Russia is now not threatened with a revolution, despite the protests and discontent with the power of many Russians, writes the British newspaper The Times.
The Kremlin still has many trump cards. There are no cracks in the power block (army, special services and OVD). The statistics of protest actions are not critical. There is no parliamentary opposition in Russia. The influence from the West is too weak to influence high-ranking officials and oligarchs.
Billionaires like Arkady Rotenberg do not worry about their assets in the West, so Russian President Vladimir Putin feels very confident. Rothenberg recently announced that he is the owner of the "Putin's palace" in Gelendzhik, covering his old friend, says the author of the publication, Tom Parfitt.

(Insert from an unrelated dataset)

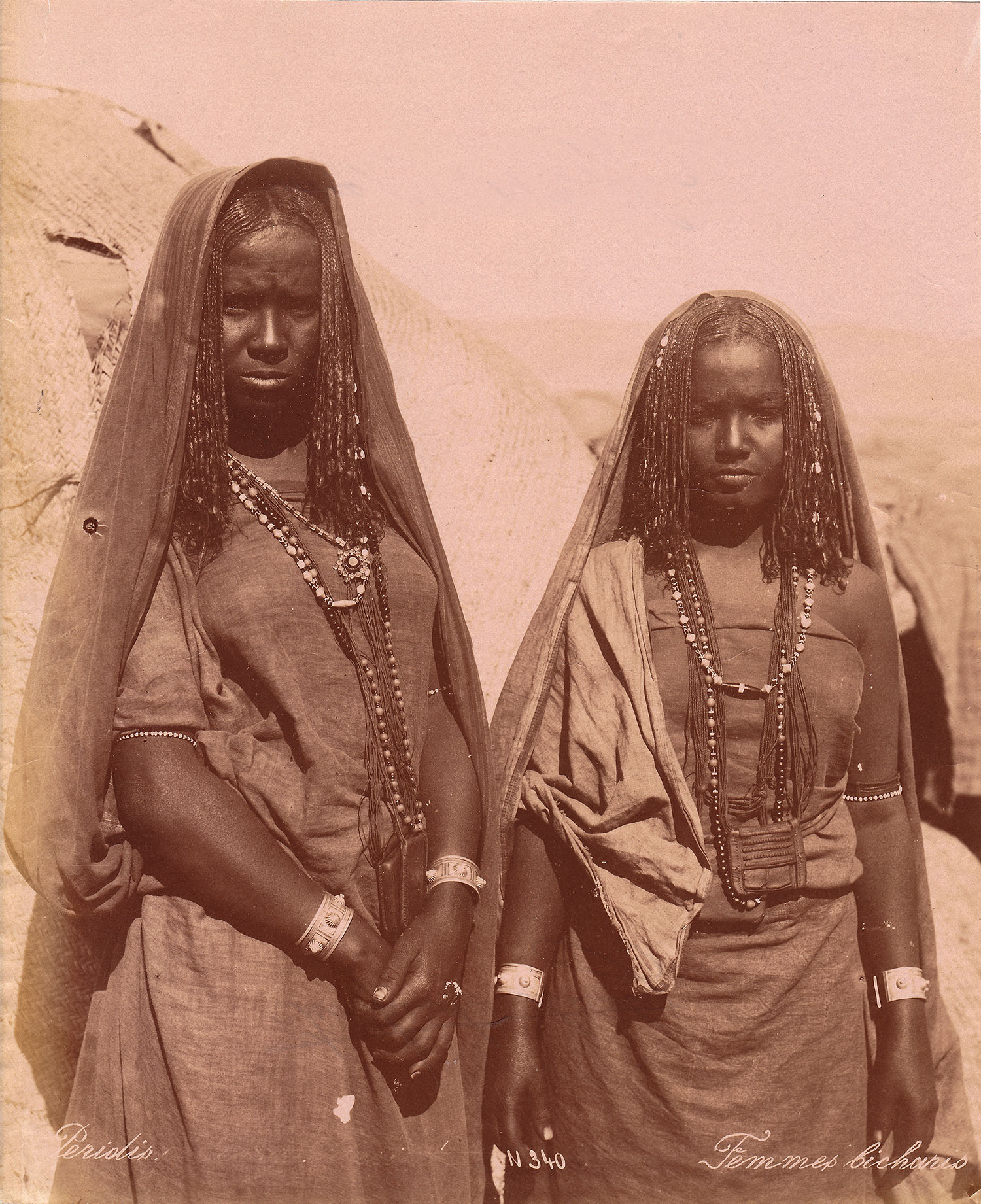 Femmes Bicharis (c.1880s)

Putin does not care at all about condemnation in the West. However, in the long term, the Kremlin may face problems. According to polls, 42% of people who took part in the protests in January 2021 came to such events for the first time. A January 446 poll of 31 protesters in St. Petersburg found that 76% were under 35 and almost 40% were under 25. This suggests that more than a third of those who protested have lived most of their lives under Putin, who has been in power since 2000.
Without a doubt, the future fate of Russia will be decided by the silent majority, which until recently was convinced that there was no alternative to Putin. The Kremlin managed to neutralize Alexei Navalny for a while, preventing him from participating in the elections and pretending that there was no opponent. But now Navalny is part of the mainstream. In this figure, Russians may begin to see a viable replacement for the 68-year-old Putin. Change is not around the corner. But, unambiguously, they are in the future, sums up the Western media, trying to predict the outcome of the protests in Russia.